I realised that the Jones team had hijacked the US legal system for partisan political
ends when, in a moment of candor, George Conway told me flatly that he did not
believe Jones's claims against Clinton. "This is about proving Troopergate," the
lawyer said, explaining that the Jones case was a vehicle that would allow the elves
to scoop up every rumour about Clinton's sexual past and to confront him with what
they found when they took his deposition testimony. Though the right usually
opposes broad interpretations of the sexual harassment laws, Conway personally
wrote a brief in the case arguing, successfully, for the introduction of information
about Clinton's private consensual behaviour. In other words, the Jones team sought
not to convict Clinton of sexually harassing Jones, but to set a perjury trap by
catching him lying about consensual sex.

At this juncture, Peter Smith, the Chicago financier behind Troopergate, re-entered
the picture. Smith and a Republican lawyer who worked in the Chicago office of Ken
Starr's law firm, Richard Porter, made sure that the Jones elves were passed
information on Clinton's affair with Monica Lewinsky before they deposed Clinton.
This information did not come from Starr's investigation; Smith and Porter were in
touch with New York literary agent Lucianne Goldberg, who had urged Linda Tripp to
secretly record conversations with her friend Lewinsky in which Lewinsky talked of
her relationship with Clinton. In her Washington apartment, Ann Coulter played the
Tripp-Lewinsky tapes for her fellow elves before the Clinton deposition.

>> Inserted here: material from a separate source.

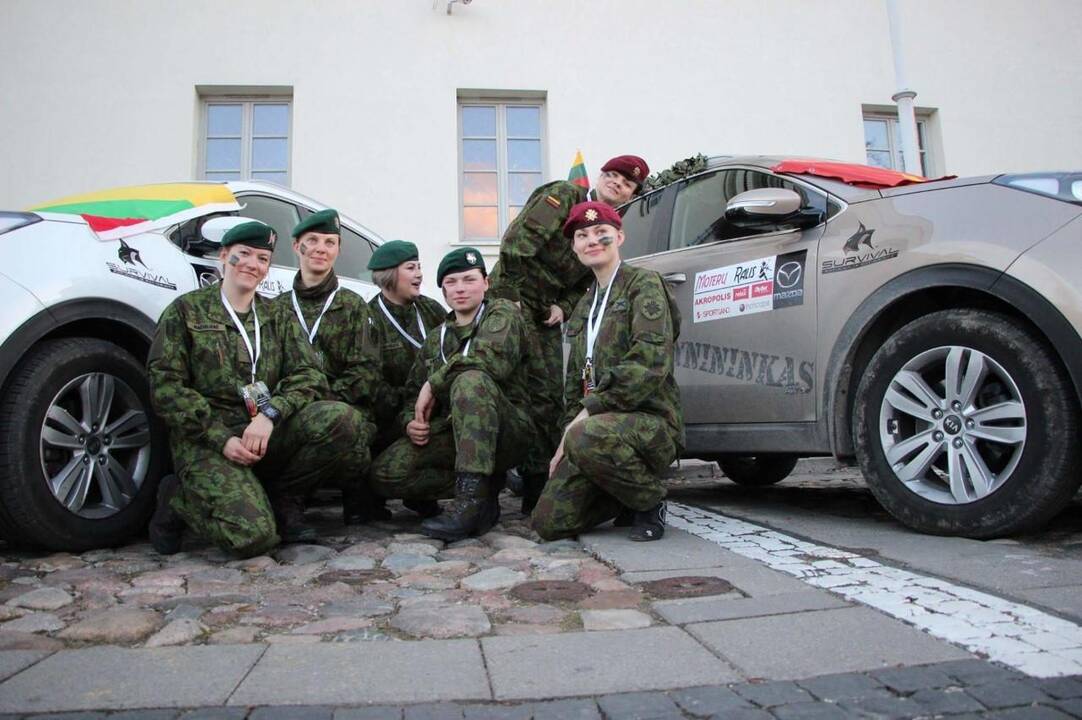Karių ralio komanda: dalyvauja tik merginos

Thus was the perjury trap set - just weeks before the Jones case would be thrown
out of court in Arkansas for lack of merit. The elves took news of Lewinsky to a
Federalist Society friend working for the independent counsel, triggering the Starr
criminal investigation into the Lewinsky affair. (Starr's office maintains that there 
was
no collusion between the independent counsel's office and the Jones team.) After
spending tens of millions of dollars probing Whitewater, Starr had come up empty-
handed. Now he saw the chance to vindicate his flagging operation by impeaching
Clinton for a sex lie. In a reprise of Troopergate's leering obsession with sexual
details, Starr reported graphically on the Clinton-Lewinksy relationship. Clinton was
impeached by House Republicans on a party-line vote but acquitted in a Senate trial.

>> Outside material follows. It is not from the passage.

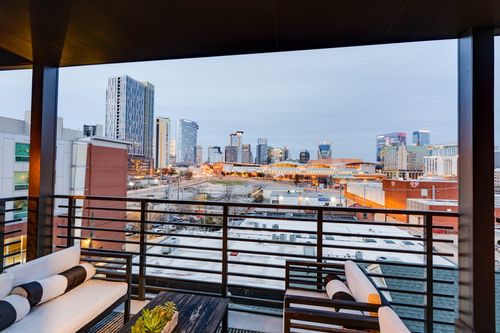 apt-406-635 7th Ave S, Nashville, TN, 37203-5042 | Card Image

My second thoughts about what I was involved in had been gathering force for some
time. Just before the 1996 elections, I published a biography of Hillary Clinton that
was widely expected to be a hatchet job in the mold of The Real Anita Hill. But my
research in Arkansas led me to conclude that the charges levelled against her by
conservatives and in the media were wrong. When I published a book saying that
Mrs Clinton's explanations of her involvement in the various Clinton scandals were
backed up by the factual record, the rightwing excommunicated me virtually
overnight.

By the time of the impeachment in 1998, I had come to see that I had been fighting
on the wrong side of the culture wars all along. It was a moment of truth. The sexual
witchhunt that I had helped launch was about attaining power for an ideology I no
longer supported. Because my trooper story had led directly to the perjury trap
Clinton fell into, I publicly apologised for my scandalmongering in an open letter to
Clinton. I also privately briefed Clinton aides and other journalists on the background
of the Arkansas Project and the existence of the Jones elves, doing my own small
part to help Clinton resist the forces that had once toasted and underwritten my work.
Then I set down to write my book, in the hopes that when the history of the Clinton
years is written, the malicious role of the rightwing conspirators won't be forgotten.